Карузин ненадолго задумался и произнёс:
— Лет двадцать назад, здесь, в Мюнхене.
— Но в 1904 году профессору Книпхофу было уже девяносто шесть лет. Он никого не мог анатомировать, разве что в университете во время занятий со студентами.
— Официально, конечно, он не работал по основной специальности. Но негласно все знали, что профессора можно пригласить в морг, проконсультироваться по спорному случаю. Собственно, двадцать лет назад я так и сделал. Но помимо заключения, профессор помог мне и с бальзамированием.
— Увы, Пётр Иванович, мне ничего не известно об этом чудо-средстве.
Но Карузин и не думал принимать отказа. Напротив, он умоляюще обратился к Метцу:
— Наверняка профессор оставил записи о бальзаме. Павел Иванович, я прошу вас, найдите его формулу. Я не прошу отдать мне рецептуру, пусть она останется вашей династической тайной. Просто продайте мне сам раствор. Заказчик заплатит хорошие деньги. Только сделайте этот бальзам.

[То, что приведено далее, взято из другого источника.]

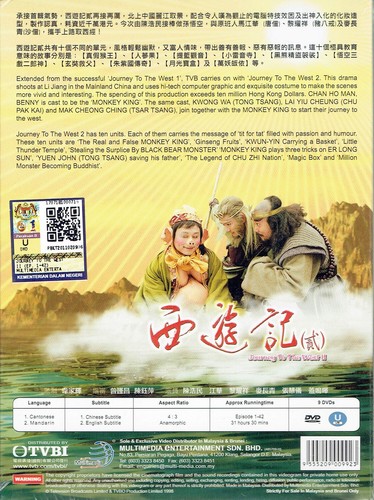 JOURNEY TO THE WEST II - COMPLETE TVB TV SERIES DVD (1-42 EPS) SHIP FROM UK - Picture 3 of 7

Что-то в тоне гостя не понравилось профессору Метцу, и он спросил:
— Простите моё любопытство, но кто заказчик?
Немного помявшись, Карузин всё же произнес:
— Да, вы правы, к чему скрывать? Вы, наверное, и сами догадываетесь. Ведь, как я слышал, недавно у вас консультировался доктор Клемперер.
Профессор Метц уже хотел было спросить, какова связь между бальзамированием и берлинским терапевтом, но тут же перед его глазами начала складываться мозаика: Советская Россия, высокопоставленный чиновник, тяжело болел неизвестно от чего, недавно умер, раз Карузин собирается его бальзамировать. И тут в голове прозвучал голос, словно чужой: «Ленин».
— Нет! — воскликнул Метц, сорвавшись с места, — уходите, прошу вас. Я не могу вам ничем помочь!
— Павел Иванович, что с вами? — искренне изумился Карузин. — Разве вы успели чем-то насолить советской власти, что так её боитесь?
С тех пор как началась Великая война, профессор запретил себе говорить с кем бы то ни было о своей работе в России, о цесаревиче и его родителях. После падения монархии в обеих странах, нашествия коммунистов и расстрела семьи русского царя, он и вовсе опасался за безопасность своих детей и себя самого. Узнай кто-нибудь из интернационалистов, кого он лечил в царской России, беды было бы не миновать.